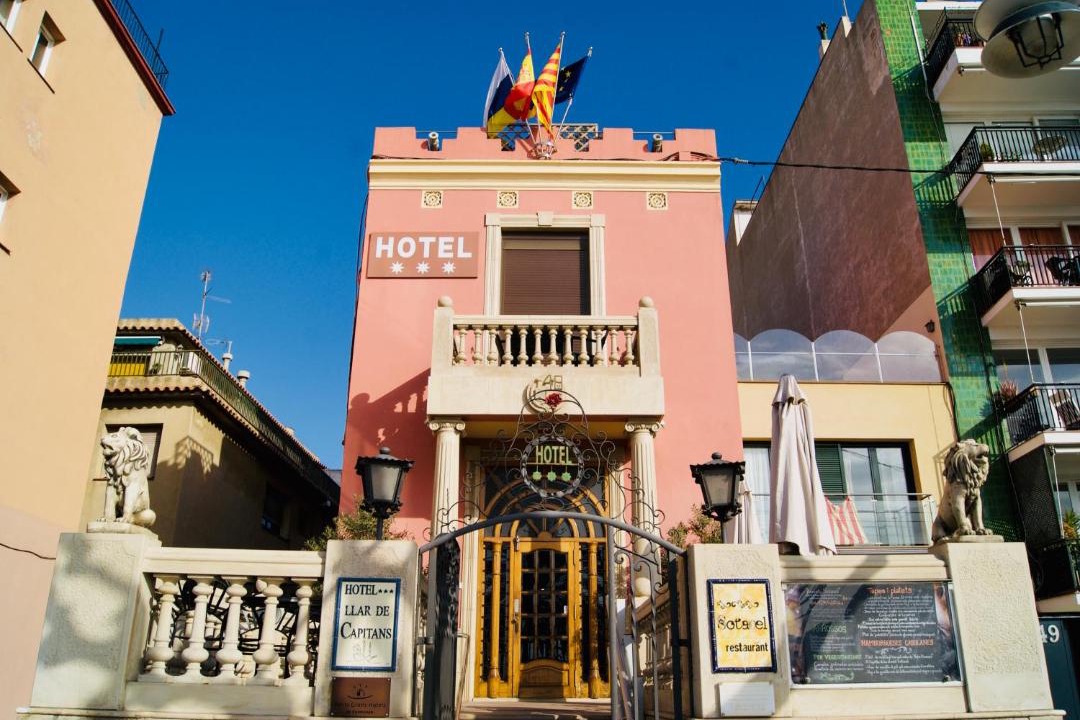 Photo of Buildings in Masnou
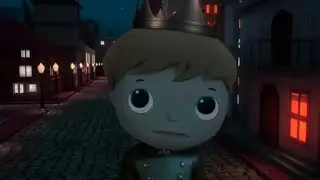 “The Lonely Prince Under the City Lights” Little Baby Bum WEffectsSponsoredBy GamavisionCsupoEffects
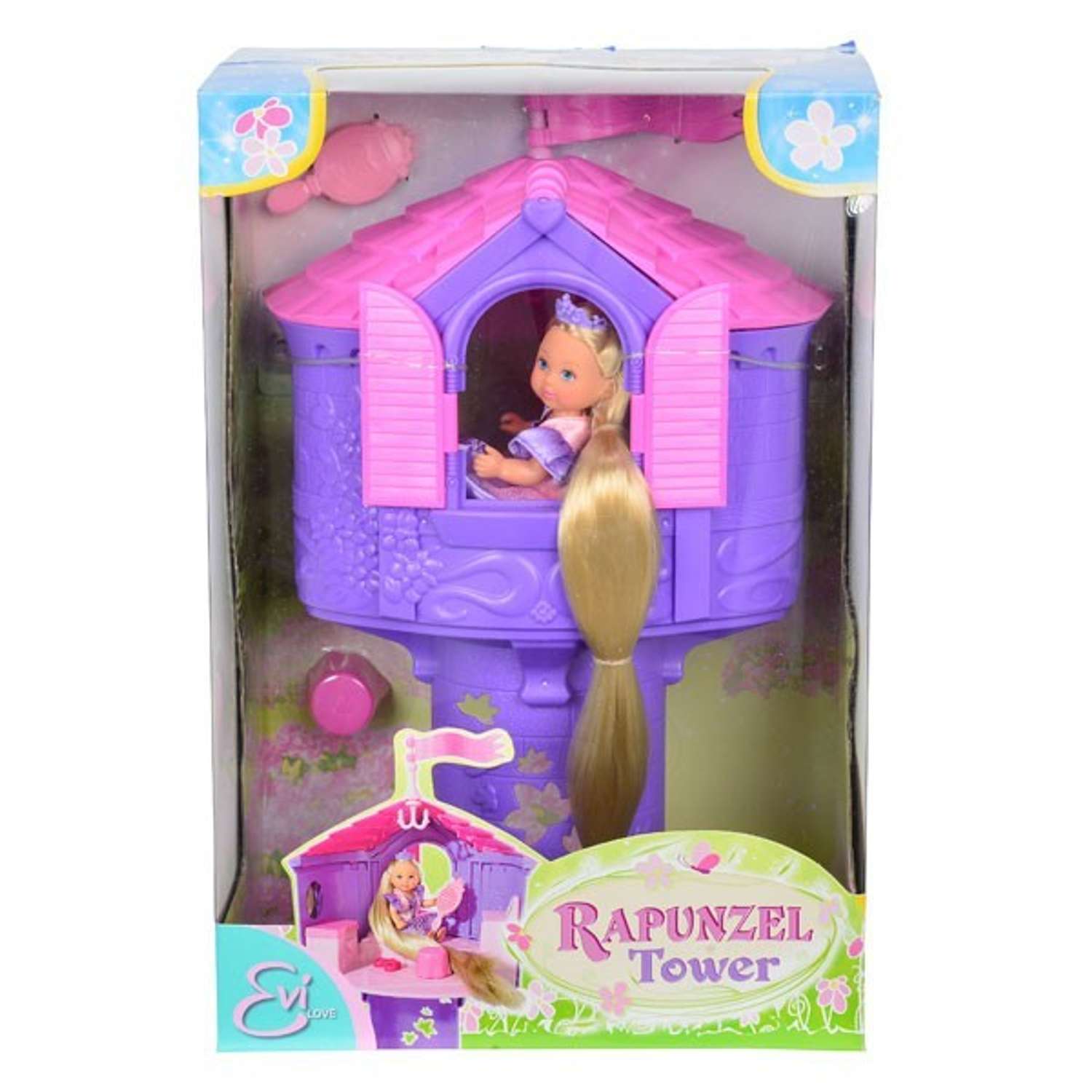 Кукла Evi Еви в сказочной башне 5731268 - фото 1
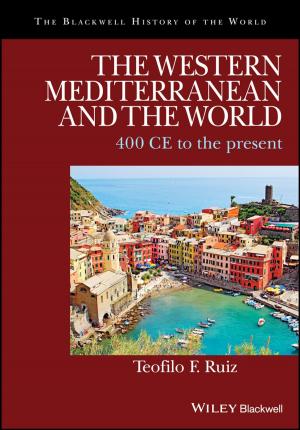 Book cover of The Western Mediterranean and the World
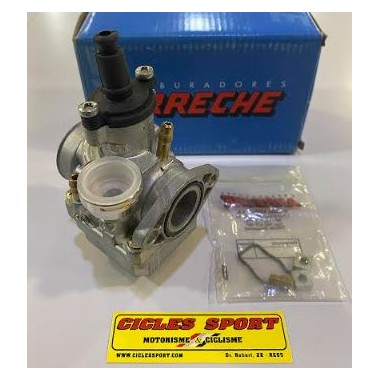 CARBURADOR ARRECHE 19mm SUZUKI KATANA (POSTERIOR 99)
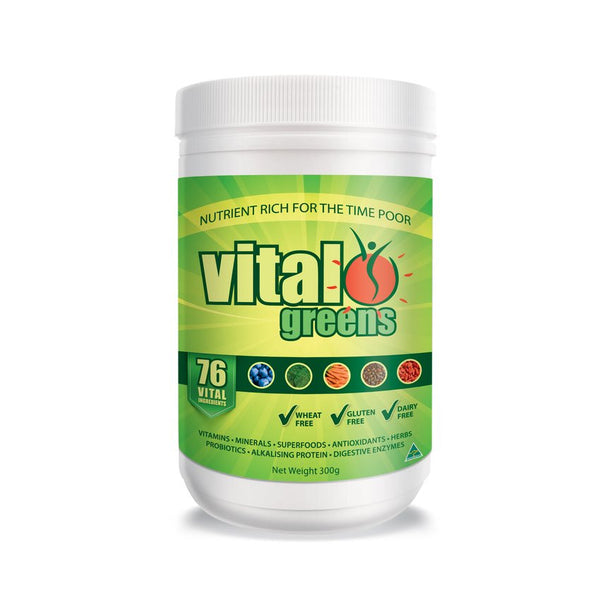 Vital Greens 300g - Green Cross Chemist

- [Problem details]
Repeat each entry exactly as it appears; skip any picture.

- [Task solution]
 Photo of Buildings in Masnou
 “The Lonely Prince Under the City Lights” Little Baby Bum WEffectsSponsoredBy GamavisionCsupoEffects
 Кукла Evi Еви в сказочной башне 5731268 - фото 1
 Book cover of The Western Mediterranean and the World
 CARBURADOR ARRECHE 19mm SUZUKI KATANA (POSTERIOR 99)
 Vital Greens 300g - Green Cross Chemist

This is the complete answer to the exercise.